World Rugby Chairman Bill Beaumont believes that the World Rugby U20 Championship 2018 will be remembered as the best yet as the international federation announced record-breaking broadcast, attendance and digital media figures.

The tournament, hosted by France, captured the hearts and minds within the host nation and further afield as the future stars of rugby showcased the very best of the sport on and off the field.

A championship record of 97,500 fans attended across five match days, with a sell-out crowd of 15,360 fans watching the hosts lift the championship trophy in Beziers.

The final was watched by a peak of 1.31 million viewers in France, breaking the previous record of 1.15m achieved in France for the semi-final between the hosts and New Zealand.

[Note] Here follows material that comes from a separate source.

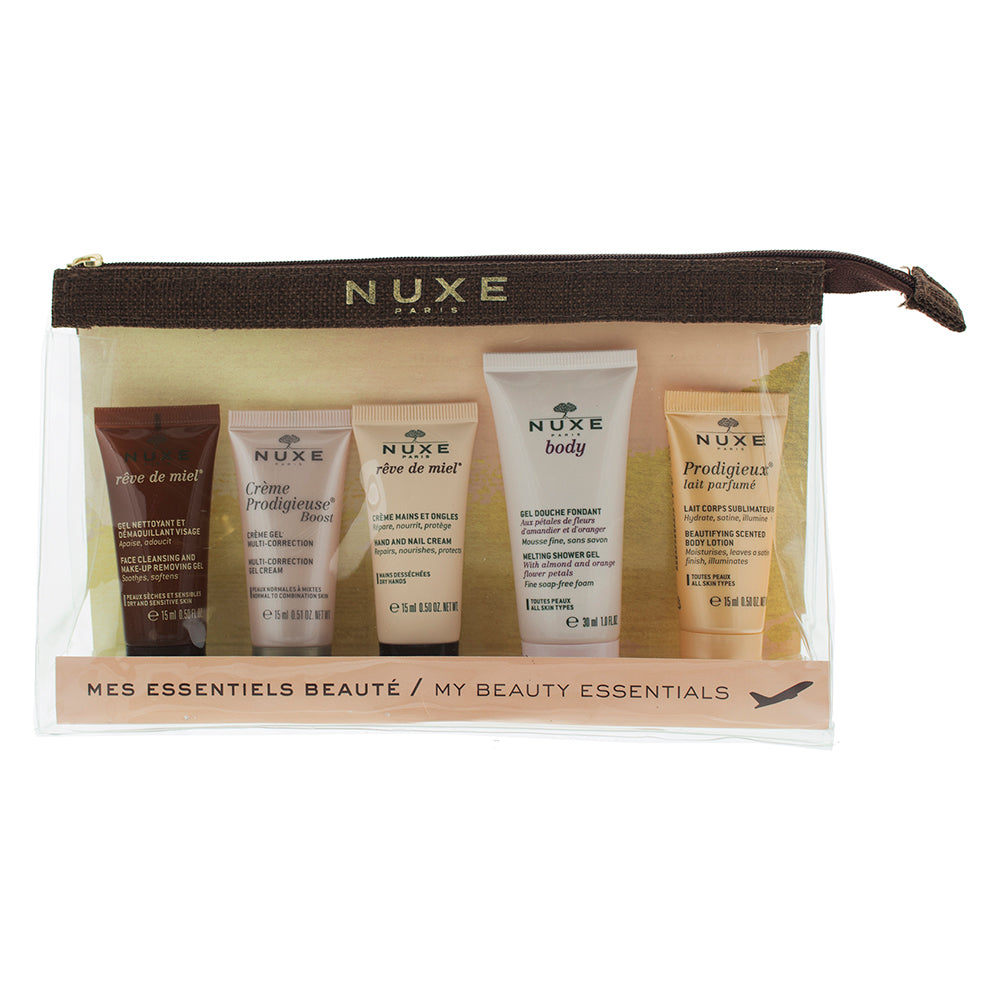 Nuxe Travel Kit My Beauty Essentials Skincare Set 5 Pieces Gift Set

The Championship’s status as a proven finishing school was also underlined during the June test window when Scotland’s George Horne and Matt Fagerson took the number of tournament graduates through the 600 mark since its inception in 2008.

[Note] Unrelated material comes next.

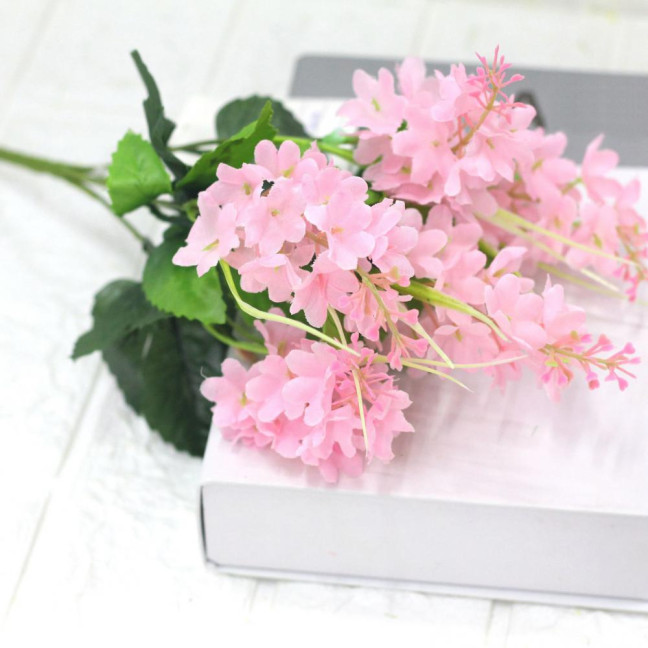 Realistic Artificial Flower Vivid Decorative Non-fading No Withering Aesthetic Floral Arrangement Fake Hyacinth Wedding Decor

Beaumont said: “The 2018 World Rugby U20 Championship will be remembered as one of the great championships on and off the field. “It was the best-attended, most-viewed and most socially-engaged edition yet. It was competitive throughout and the French fans embraced all the teams across three superb and vibrant match venues.”

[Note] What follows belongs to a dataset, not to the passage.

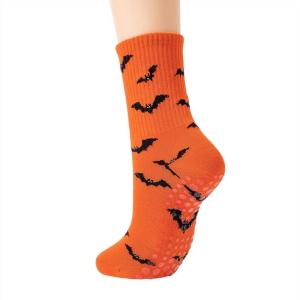 imageAmerican Trends Pilates Socks with Grips for Women Yoga Socks Barre Socks Non Slip Socks1 Pairhalloween Bat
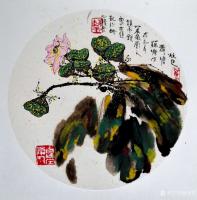 艺术家赵承锐日记:【赵承鋭的水墨世界】国画彩墨小品近作《秋色潇潇碧藕塘》尺寸四【图0】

  • Best attended: 97,776 fans attended across the tournament


  • Most viewed: A peak of 1.31 million fans watched the final on French broadcaster France 4, while the semi-final between France and New Zealand attracted 1.15 million viewers


  • Most digitally-engaged: In conversation and online, the championship proved popular with 41.5 million video views, representing a six million increase on the 2017 edition in Georgia


  • Most innovative: debut of a simulator for Television Match Official training and early start of the TMO process reducing the time taken to make decisions

But, beyond all the records and silverware, this tournament has been about the future.

Beaumont added: “We have seen that the future of international rugby is in very exciting hands and I am sure that several players will graduate to senior international honours and may even feature at Rugby World Cup 2019.

“We have also seen innovations that may shape the future of the game, including the tackle height trial and technology to enhance the speed and accuracy of TMO decisions.

“I would like to congratulate France on their first title and thank our friends at the FFR, the host cities and three superb match venues whose passion and commitment, working in partnership with World Rugby, has delivered a tournament that will live long in the memory for all who experienced it.”

The hosting ball has now been passed to Argentina, who will welcome the world’s best young players in 2019, just ahead of Rugby World Cup 2019 in Japan.